34. BÖLÜM

13.4K 319 174
                                    

Kafam allak bullak olmuştu… Her türlü şeyi düşünüyordum. Sonra, kötü düşünceler daha ağır bastı. Bu kitap benimdi; kimseye veremezdim. Kitap beni bağlamıştı kendisine. Kitabı sadece Atakan’ın dediği şekilde neden kullanayım ki? Kim bilir daha neler yapabilirim bu kitapla. Atakan’ın söylediği sayfaların haricinde zamklı sayfalarda neler vardı acaba? Bu düşünceleri kafamdan kovmaya çalıştıkça daha ağır biçimde tekrar yer ediyordu.

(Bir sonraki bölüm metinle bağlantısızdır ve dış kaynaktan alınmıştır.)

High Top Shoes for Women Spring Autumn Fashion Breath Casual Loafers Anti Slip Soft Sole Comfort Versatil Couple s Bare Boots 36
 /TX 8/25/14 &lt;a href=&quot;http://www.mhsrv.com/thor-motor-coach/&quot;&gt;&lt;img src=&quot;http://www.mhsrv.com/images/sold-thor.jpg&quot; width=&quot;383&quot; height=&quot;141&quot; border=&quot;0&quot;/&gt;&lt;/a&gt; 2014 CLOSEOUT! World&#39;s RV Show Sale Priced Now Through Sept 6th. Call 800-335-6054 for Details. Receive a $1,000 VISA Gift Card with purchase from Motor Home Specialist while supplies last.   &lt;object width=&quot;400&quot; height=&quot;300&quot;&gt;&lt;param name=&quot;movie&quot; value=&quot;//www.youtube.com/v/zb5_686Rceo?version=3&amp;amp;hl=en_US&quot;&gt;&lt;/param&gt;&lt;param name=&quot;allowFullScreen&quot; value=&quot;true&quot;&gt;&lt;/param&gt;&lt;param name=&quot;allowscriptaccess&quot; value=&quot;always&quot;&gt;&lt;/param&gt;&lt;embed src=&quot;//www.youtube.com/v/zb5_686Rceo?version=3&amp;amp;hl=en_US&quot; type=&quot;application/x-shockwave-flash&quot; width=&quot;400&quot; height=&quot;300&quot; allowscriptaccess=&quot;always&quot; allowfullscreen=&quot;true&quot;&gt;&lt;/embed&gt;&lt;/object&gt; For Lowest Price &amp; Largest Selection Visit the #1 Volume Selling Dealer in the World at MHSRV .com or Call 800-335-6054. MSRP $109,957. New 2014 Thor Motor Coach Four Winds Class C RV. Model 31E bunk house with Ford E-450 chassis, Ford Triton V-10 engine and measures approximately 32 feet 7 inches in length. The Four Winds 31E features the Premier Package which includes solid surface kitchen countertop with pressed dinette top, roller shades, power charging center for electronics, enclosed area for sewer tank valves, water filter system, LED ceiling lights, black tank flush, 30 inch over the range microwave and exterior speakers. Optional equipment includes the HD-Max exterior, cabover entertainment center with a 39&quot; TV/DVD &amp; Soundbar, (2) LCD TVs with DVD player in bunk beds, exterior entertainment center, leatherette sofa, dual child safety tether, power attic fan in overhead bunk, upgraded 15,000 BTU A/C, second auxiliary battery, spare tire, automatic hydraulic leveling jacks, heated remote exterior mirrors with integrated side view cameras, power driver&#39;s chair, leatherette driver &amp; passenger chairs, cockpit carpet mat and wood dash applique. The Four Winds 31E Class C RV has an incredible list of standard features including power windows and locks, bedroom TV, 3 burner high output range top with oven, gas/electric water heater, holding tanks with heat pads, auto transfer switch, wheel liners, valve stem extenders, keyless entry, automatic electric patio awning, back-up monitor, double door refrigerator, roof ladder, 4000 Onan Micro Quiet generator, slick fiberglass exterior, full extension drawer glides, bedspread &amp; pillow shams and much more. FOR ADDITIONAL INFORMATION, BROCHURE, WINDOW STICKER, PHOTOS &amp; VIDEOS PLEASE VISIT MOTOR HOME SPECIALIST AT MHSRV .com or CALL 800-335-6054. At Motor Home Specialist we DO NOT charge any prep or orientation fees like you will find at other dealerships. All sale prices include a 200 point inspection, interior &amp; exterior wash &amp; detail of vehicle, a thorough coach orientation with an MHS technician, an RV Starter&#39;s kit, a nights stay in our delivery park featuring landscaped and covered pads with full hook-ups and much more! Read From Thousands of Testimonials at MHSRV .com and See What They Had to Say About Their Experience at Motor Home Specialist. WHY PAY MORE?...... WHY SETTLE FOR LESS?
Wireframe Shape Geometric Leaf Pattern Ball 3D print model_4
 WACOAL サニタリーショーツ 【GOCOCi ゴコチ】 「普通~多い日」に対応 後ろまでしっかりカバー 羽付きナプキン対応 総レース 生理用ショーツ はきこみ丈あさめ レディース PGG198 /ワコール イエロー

Sonunda kendime hakim olamadım; bütün birbirine yapışık sayfaları tek tek yavaşça ayırdım. Sayfaların hepsinin üst taraflarında belirli şekiller, altında ise Arapça ya da Farsça olduğunu tahmin ettiğim yazılar vardı. Ne yazılardan ne de şekillerden hiçbir şey anlamadım. “Bu şekillerin ve yazıların ne demek istediğini bir bilsem, bir çözebilsem kim bilir neler yapabilirim?” diye düşünüyordum.

Kitaptan bir kelimeyi kağıda yazdım. Şekillerden de bir tanesini çizdim başka bir kağıda. Amacım, sabah olunca kağıtları bir kitapçıya götürüp hangi dilde ise ona göre bir sözlük almaktı. Kağıtları katlayıp cebime koydum. Kitabı da yatağın altına güzelce yerleştirdim; kimse göremezdi. Kolye ise boynumda takılıydı. İçinde de resmim vardı. Sırt üstü yatağa yattım. Paketimde kalan tek sigaramı da yakıp içmeye başladım.